'''

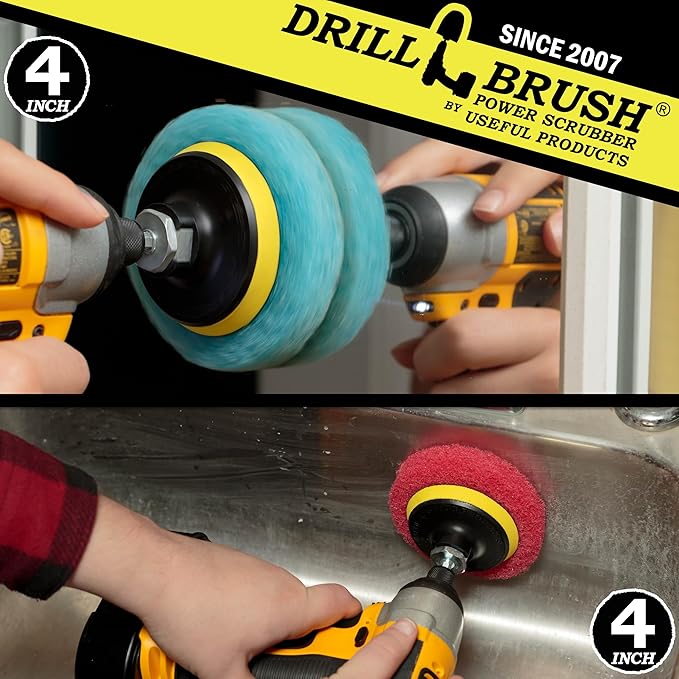 Drill Brush - Scrub Pads - Bathroom Accessories - Cleaning Supplies - Spin Scrubber Pad Kit - Hard Water Stain Remover - Shower Cleaner - Tub Cleaner - Bath Mat - Glass Cleaner - Shower Door Cleaner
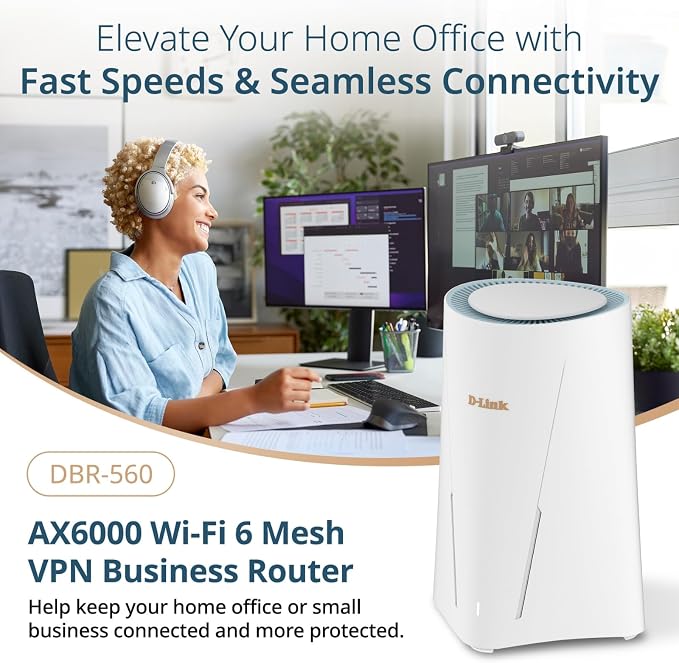 D-Link DBR-560 AX6000 Wi-Fi 6 SOHO VPN Router 1 x USB Type-C Port 1 x 2.5Gb WAN - Image 2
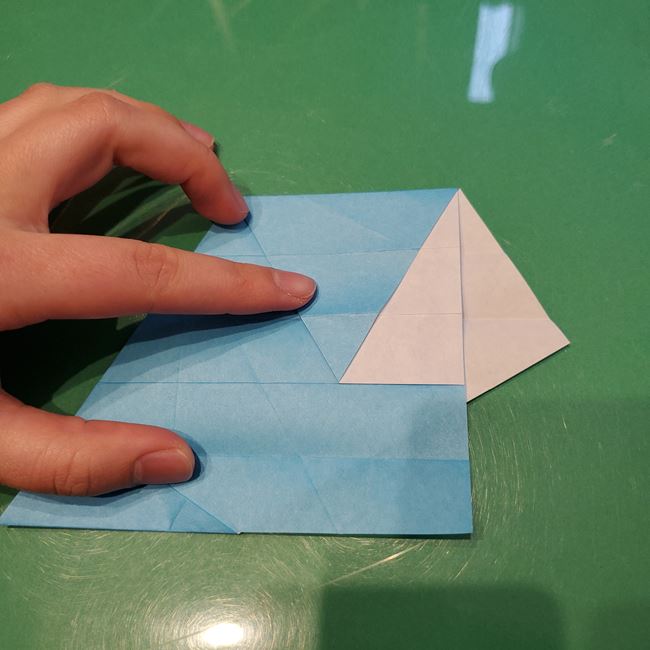 バレンタインのディスプレイ 折り紙でハートの立体的な箱の作り方折り方①折り筋(20)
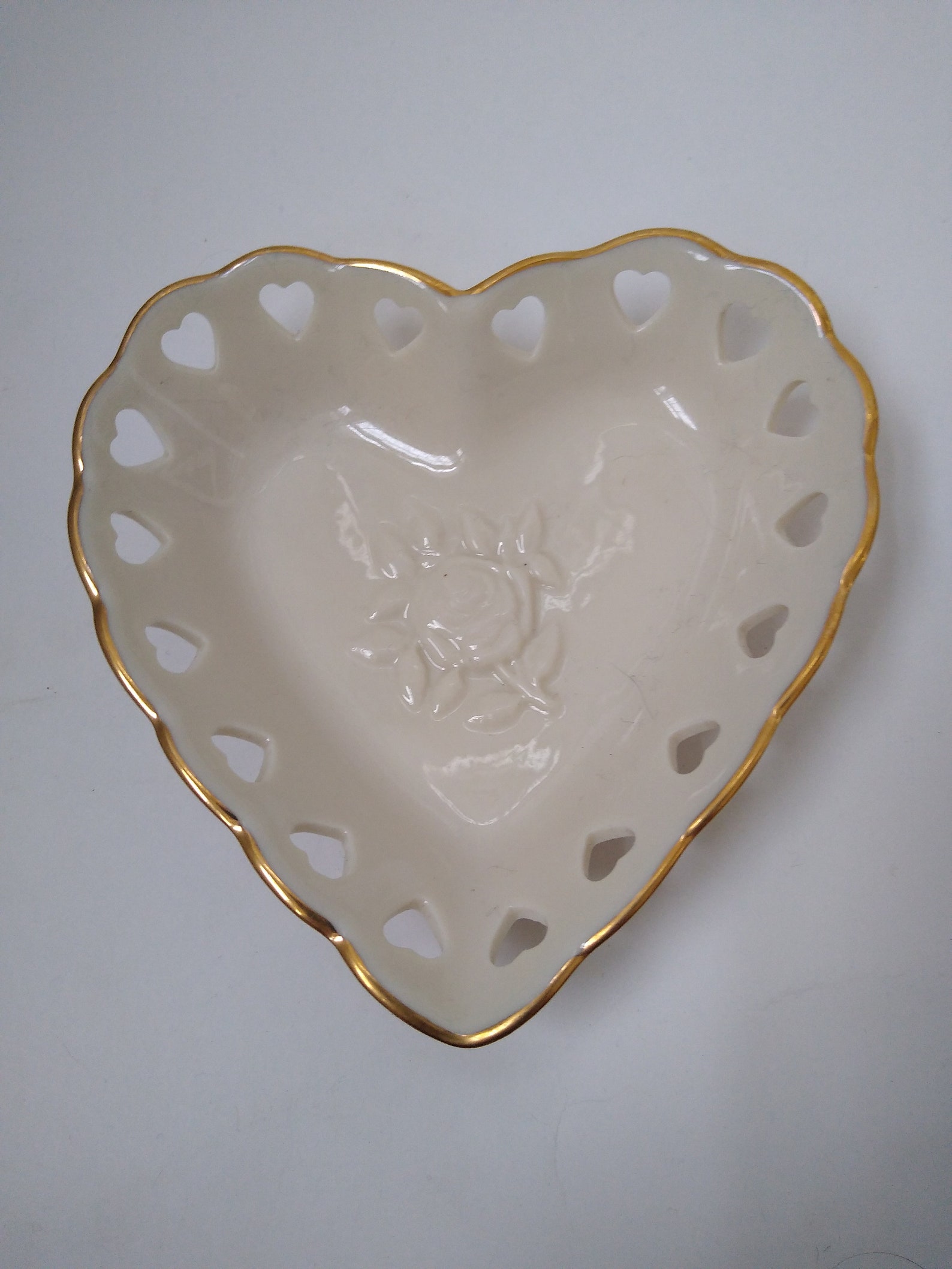 Lenox Heart Shaped Trinket Bowl With Rose. Etsy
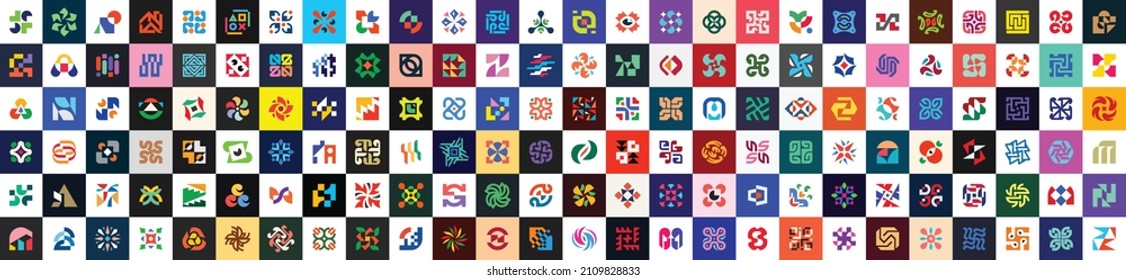 Abstract logos collection. Geometric abstract logos. Icon design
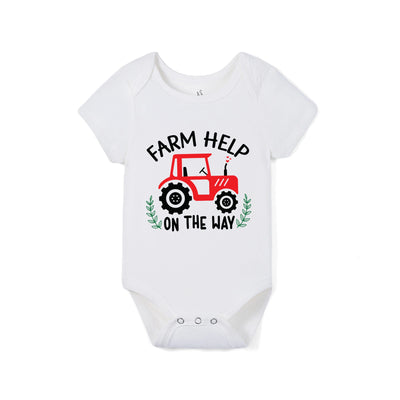 'Farm Help On The Way' Funny Bamboo Baby Onesie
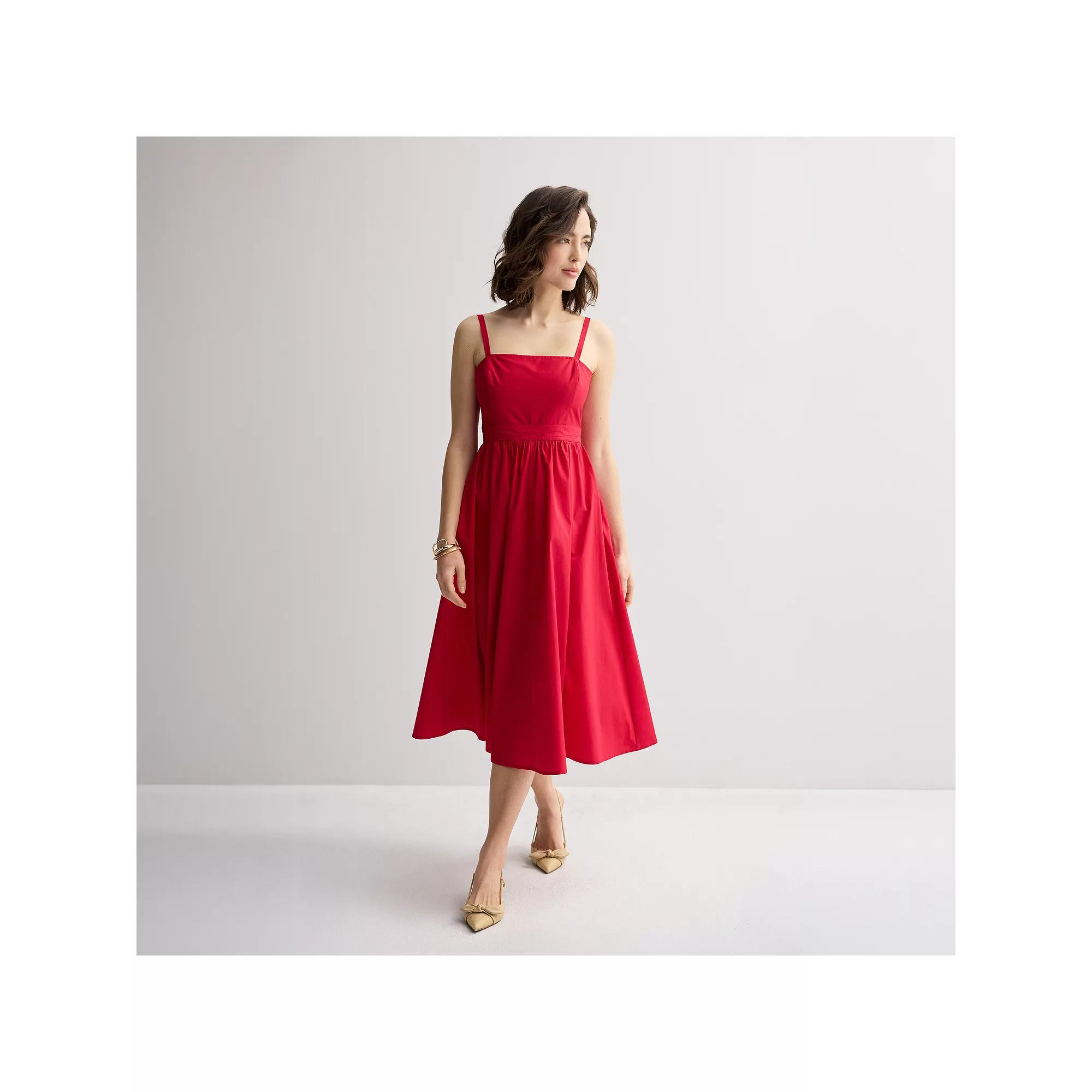 Petite Nine West Square Neck A-Line Dress, Women's, Size: XL Petite, Heartless Product Image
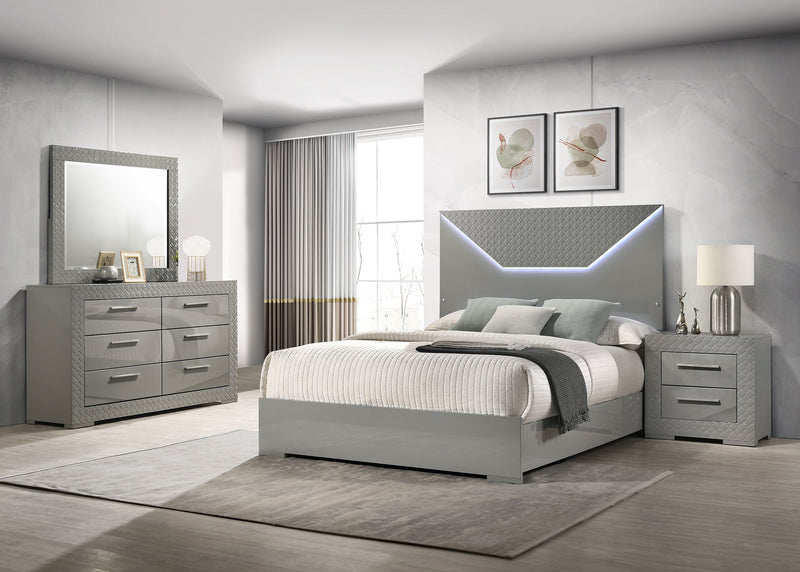Ives 4 & 5 Piece Bedroom Set E.king & Queen White & Grey - Ace Furniture and Decor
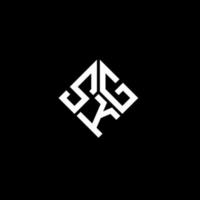 skg lettera logo design su sfondo nero. skg creative iniziali lettera logo concept. disegno della lettera skg. vettore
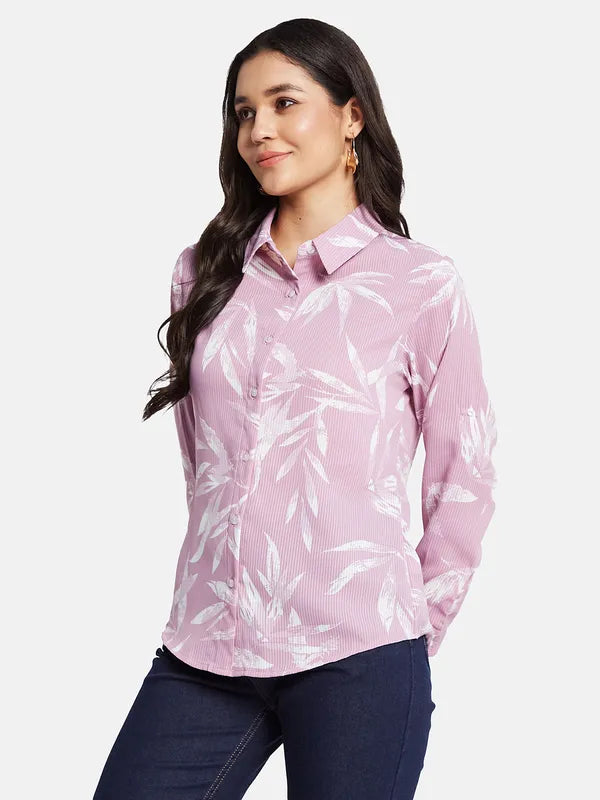 Mettle Women Tropical Printed Pinstripes Casual Shirt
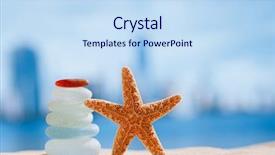  Presentation with sea glass - Slides consisting of sea glass and starfish background and a sky blue colored foreground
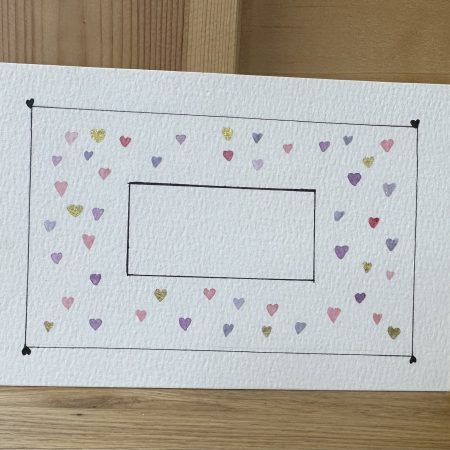 Imperfect Tiny Heart Postcard Design - | Hand-Painted Watercolour
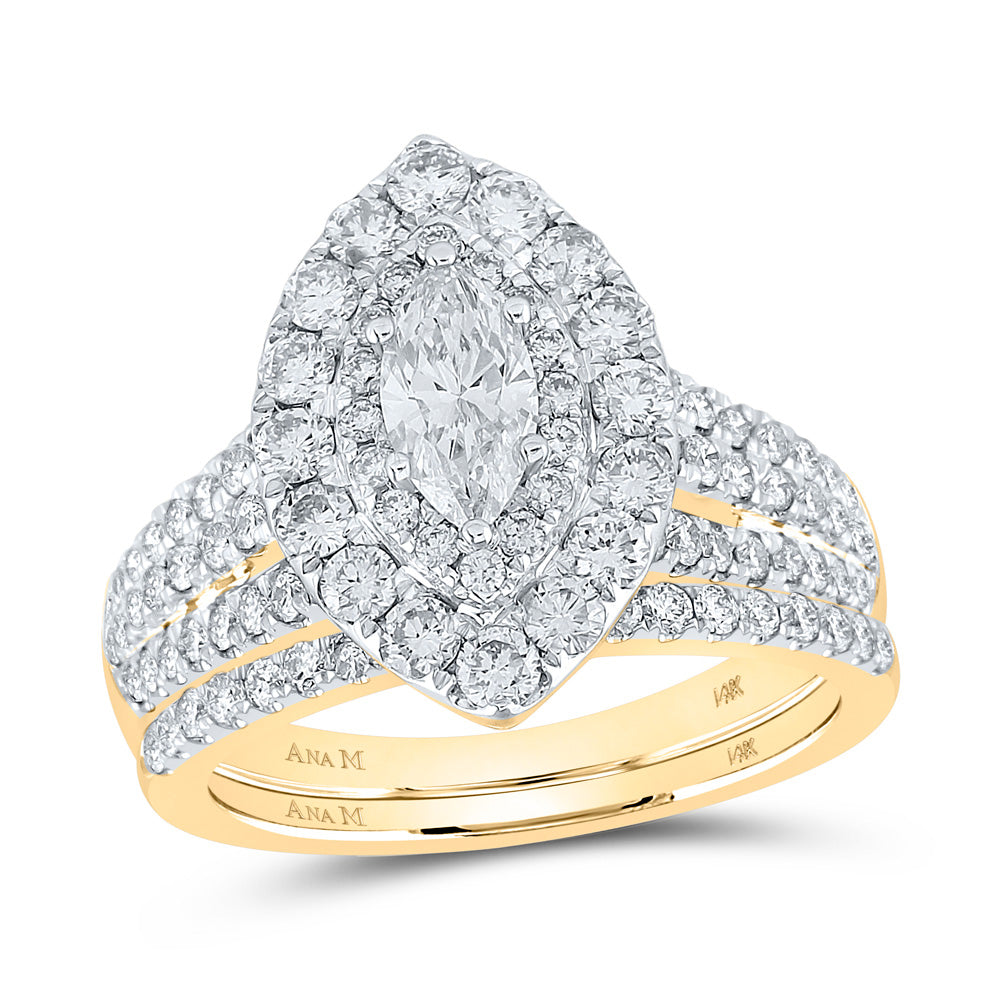 Wedding Collection | 14kt Yellow Gold Marquise Diamond Halo Bridal Wedding Ring Band Set 2 Cttw | Splendid Jewellery GND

'''

◆ WHAT IS EXPECTED ◆
With the pictures left out, restate word for word every line of the data above, from the first down to the line that contains "Lenox Heart Shaped".

◆ TASK OUTPUT ◆
 Drill Brush - Scrub Pads - Bathroom Accessories - Cleaning Supplies - Spin Scrubber Pad Kit - Hard Water Stain Remover - Shower Cleaner - Tub Cleaner - Bath Mat - Glass Cleaner - Shower Door Cleaner
 D-Link DBR-560 AX6000 Wi-Fi 6 SOHO VPN Router 1 x USB Type-C Port 1 x 2.5Gb WAN - Image 2
 バレンタインのディスプレイ 折り紙でハートの立体的な箱の作り方折り方①折り筋(20)
 Lenox Heart Shaped Trinket Bowl With Rose. Etsy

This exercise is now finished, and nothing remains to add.